In an op-ed for the student paper The Hoya in February, two students, Samuel Dubke and Hayley Grande argued against the fee, which is not compulsory.
“Supporters of the referendum will claim that we, by attending classes, living in dorms and accepting our degrees, owe an intrinsic debt to the descendants of those enslaved people who paid for Georgetown’s existence with their lives,” they wrote.
While we agree that the Georgetown of today would not exist if not for the sale of 272 slaves in 1838, current students are not to blame for the past sins of the institution, and a financial contribution cannot reconcile this past debt on behalf of the university. . . . Georgetown University alone, not the student body, has the obligation to pay for its past transgressions.
In response to the referendum results, Georgetown University President John J. DeGioia said the university are “pursuing work that is uncharted”.
The referendum is a symbolic gesture, as it is nonbinding and school officials will make the final decision.
Still, it’s a move that many are calling a step in the right direction. The topic of reparations is popular in the US, as people try to decide how to acknowledge and make amends with the country's brutal history of slavery.

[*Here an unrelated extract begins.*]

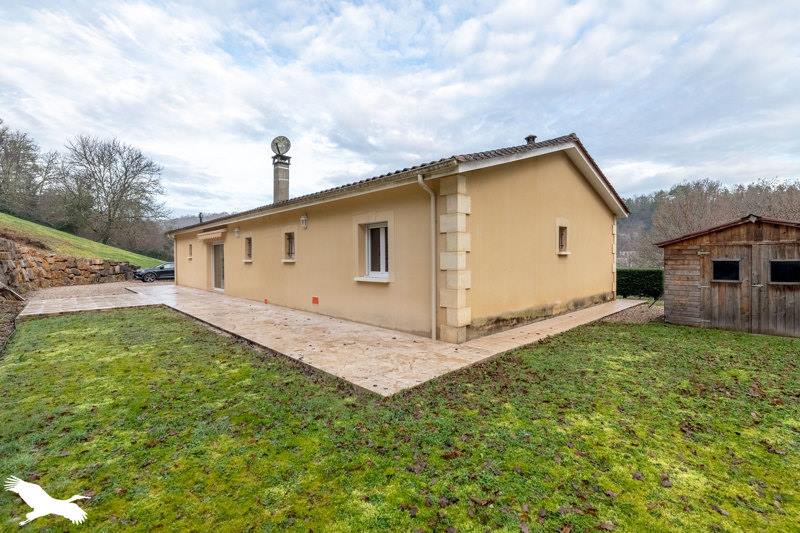 Vente Maison ST GEORGES DE MONTCLARD - 4 pièces -114 m² - (24140)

Lee Baker, a descendant of Nace and Biby Butler, a married couple who are among the 272 enslaved people sold in 1838, told the student newspaper, The Hoya, the vote was very important.
The students remembered, recognised, and reignited awareness about descendants who literally made it possible for today’s Georgetown University
Regardless of what happens, we will know that Georgetown University students practised solidarity and decided to ensure that such an historic injustice has a permanent lens for awareness, analysis and action.